İnsanlığı kasıp kavuran sorunların başında davranış tutarsızlığı gelmekte... İnsanın ruhi ve fiziki davranış biçimlerini toplumsal yapı içerisinde inceleyen bilime de sosyolojik bilim denilmekte... Sosyolojik gelişimle insani ilimlerin lüzumu daha da artmış. İnsani ilişkiler, beşeri münasebetler, adab-ı muaşeret denilen ahlaki ve etik ilkelerin hepsi birer davranış biçimi. Davranış biçimleri modern çağda “Davranış Bilimleri” adıyla bir bilim dalı olarak değer buldu. Hatta “Davranış Bilimleri” bazı üniversitelerde ders olarak okutulmakta… Davranış Bilimlerinin temel yapısını hak, hukuk, güven, sevgi, saygı, hoş görü, empati gibi ilişkiler oluşturmakta.

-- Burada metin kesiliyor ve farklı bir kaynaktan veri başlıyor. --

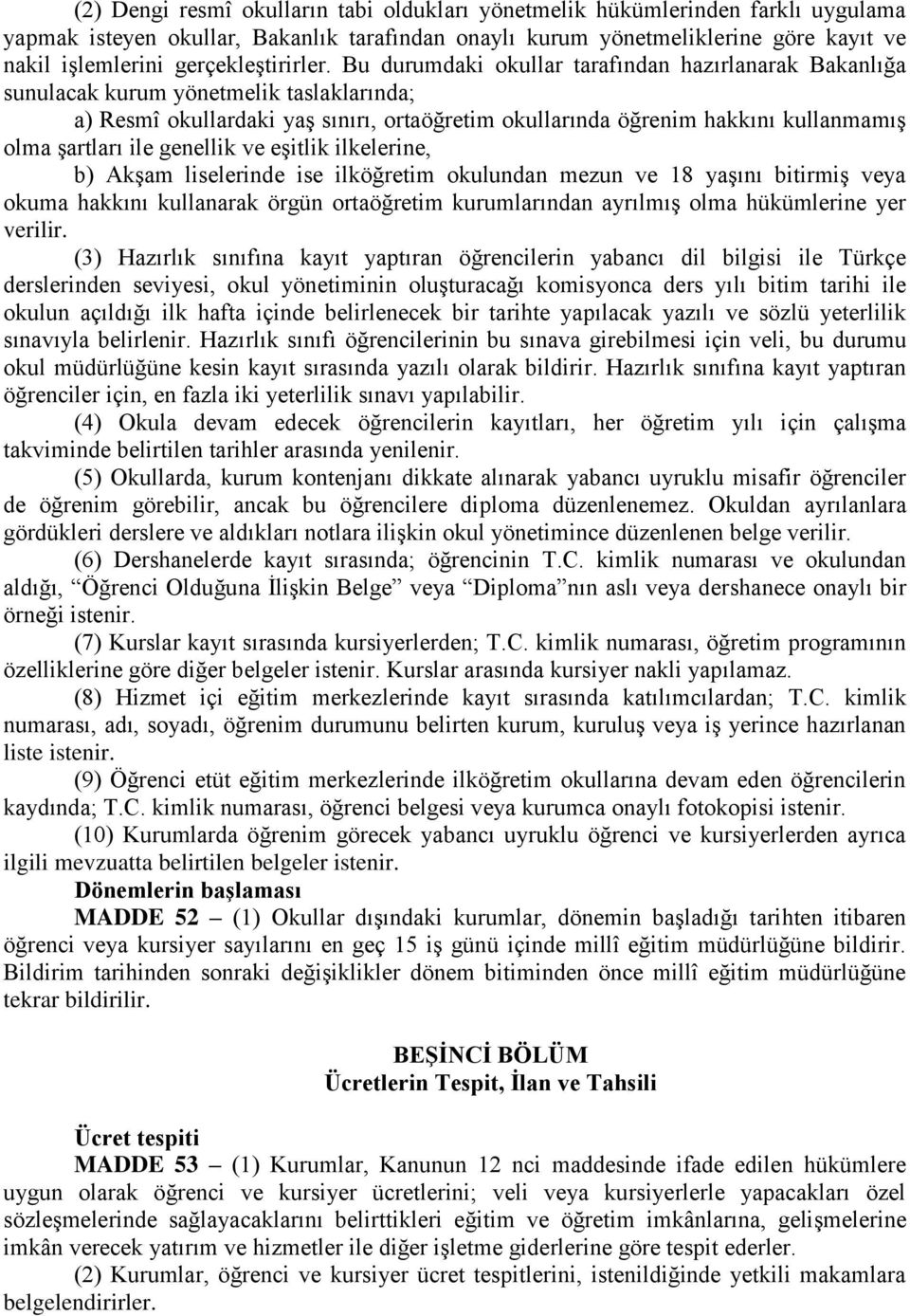 Bu durumdaki okullar tarafından hazırlanarak Bakanlığa sunulacak kurum yönetmelik taslaklarında; a) Resmî okullardaki yaģ sınırı, ortaöğretim okullarında öğrenim hakkını kullanmamıģ olma Ģartları ile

Davranış Bilimlerini ayakta tutan temel esas adalettir. Adaletten maksat garazı, kini, kibri, hileyi, zorbalığı, ataleti, cehaleti ortadan kaldırıp hakkaniyetli ilişkilerle karşılıklı güveni tesistir. İyiyi kötüden, doğruyu yanlıştan ayırabilen beceri farkındalığını toplumsal yaşama yerleştirmektir. Doğruları, yanlışları, iyilikleri, kötülükleri bellemektir. İnsani davranışlar toplumsal yaşamın olmazsa olmazıdır. İnsani davranışlar ölçü ve özen ister.  Aksi kaosdur. Peygamberlerin ortak özelliklerinden biri de doğru, yanlış, iyi ve kötü bilinen davranış biçimlerini toplumsal hayata geçirmekle karşılıklı güveni, huzuru, barışı, sevgiyi, saygıyı yaşatmak. Canın, malın, iffetin, inancın güvende olmadığı ortamda huzurdan, uzlaşıdan söz edilebilir mi?

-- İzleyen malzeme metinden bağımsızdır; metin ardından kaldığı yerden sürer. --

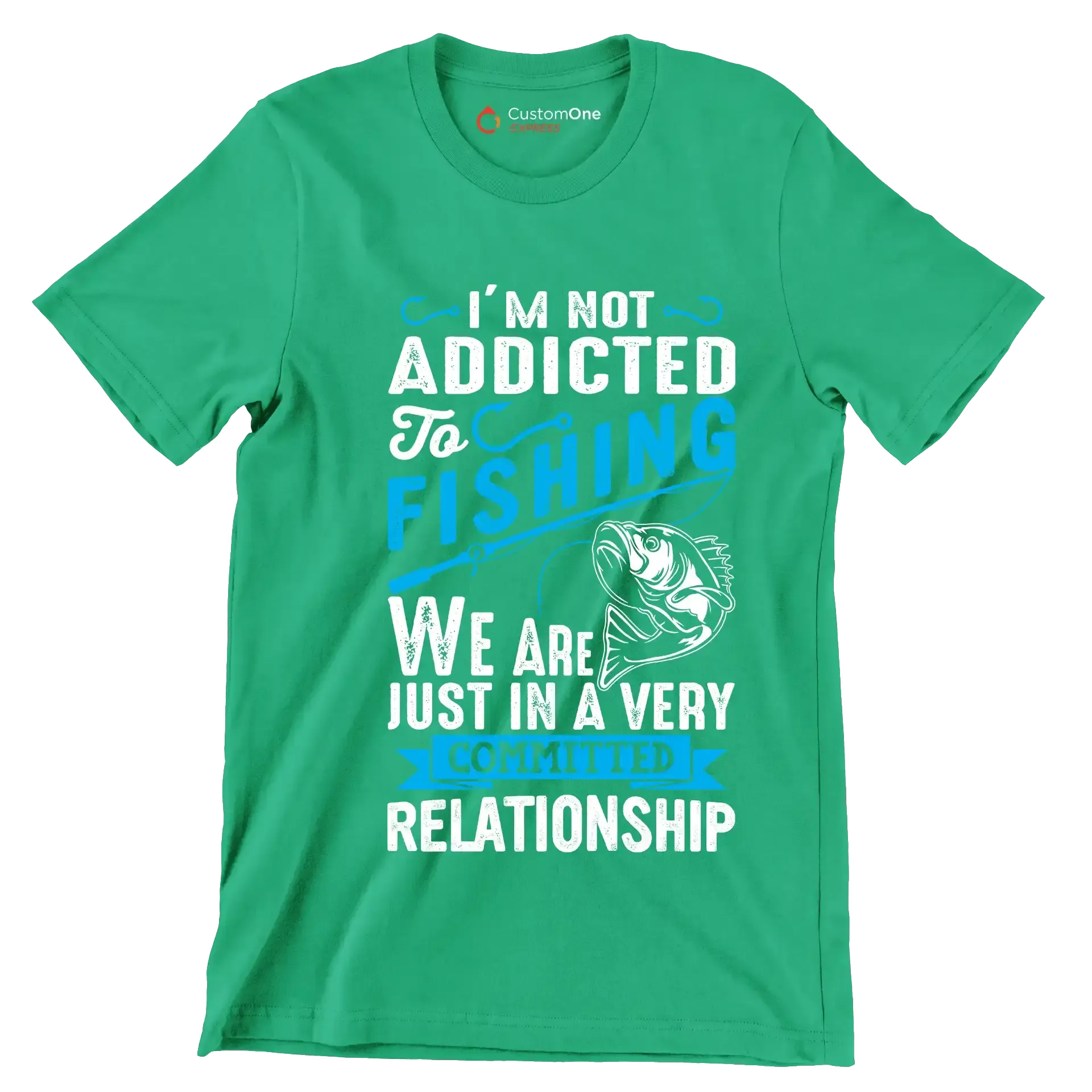 I'm not addicted to fishing we are just in a very committed relationship - Fishing Themed T-Shirt-Green-S-Custom One Express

Hak, hukuk ilişkileri bozuk toplumlarda huzur, güven, uzlaşı, sevgi, saygı değer bulur mu? Davranış bilimlerine uyulmayan toplumlarda masum, mazlum mağdur olmaya mahkûmdur.  Uzun yıllardır Batılı, Şarklı, İslami ve ulusal pek çok çeşitte kitap okudum, okurum. Roman, hikâye, şiir, tiyatro, felsefi, inanç ve hukukun ışığında farklı toplumların sosyolojik ve kültürel değerlerini mukayeseli irdelerim. Her birini inceledikçe milli ve manevi değerlerimize bağlılığım daha da ziyadeleşir. Herkesin bir milli kimliği, bir de inanç kişiliği vardır. İnancım yok diyenin bile inanmayışının arka planında inandığına dair bir kişilik vardır.

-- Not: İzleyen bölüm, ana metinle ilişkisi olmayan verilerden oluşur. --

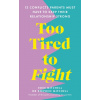 Too Tired to Fight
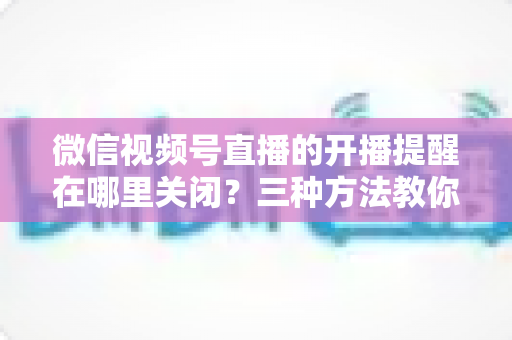 微信视频号直播的开播提醒在哪里关闭?三种方法教你轻松屏蔽开播通知,告别消息打扰 微信视频号直播的开播提醒在哪里关闭?三种方法教你轻松屏蔽开播通知,告别消息打扰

İnsanlığın huzuru için Davranış Bilimlerine ışık tutan hikâyelerden biri de Kur’an’da anlatılan Hz. İbrahim kıssasıdır. Şu’arâ suresi ayet 69’dan 190’ıncı ayet meallerinde özetle Allah: “Ey Muhammed! Onlara İbrahim’in haberini anlat…   İbrahim: “Ey Rabbim! Bana hikmet bahşet. Beni iyi insanlar arasına kat… Gelecek nesiller arasında beni doğru davranışlarıyla anılanlardan kıl…” demekle insanlığa Davranış Bilimlerinin özetlemiş. O, hayatının bir kısmını toplumdan uzak diğer kısmını da toplumla yaşamış. Doğrudan, iyilikten yana olmuş. Yanlışın, kötülüğün karşısında durmuş. Onun için de Nemrut ve aveneleri tarafından ateşe atılmış. Ama ateş, İbrahim’i yakmaktan hayâ duymuş. Bülbül mateme durmuş. Kaplumbağa, Nemrut’un zulüm ateşini söndürmek için suya koşmuş.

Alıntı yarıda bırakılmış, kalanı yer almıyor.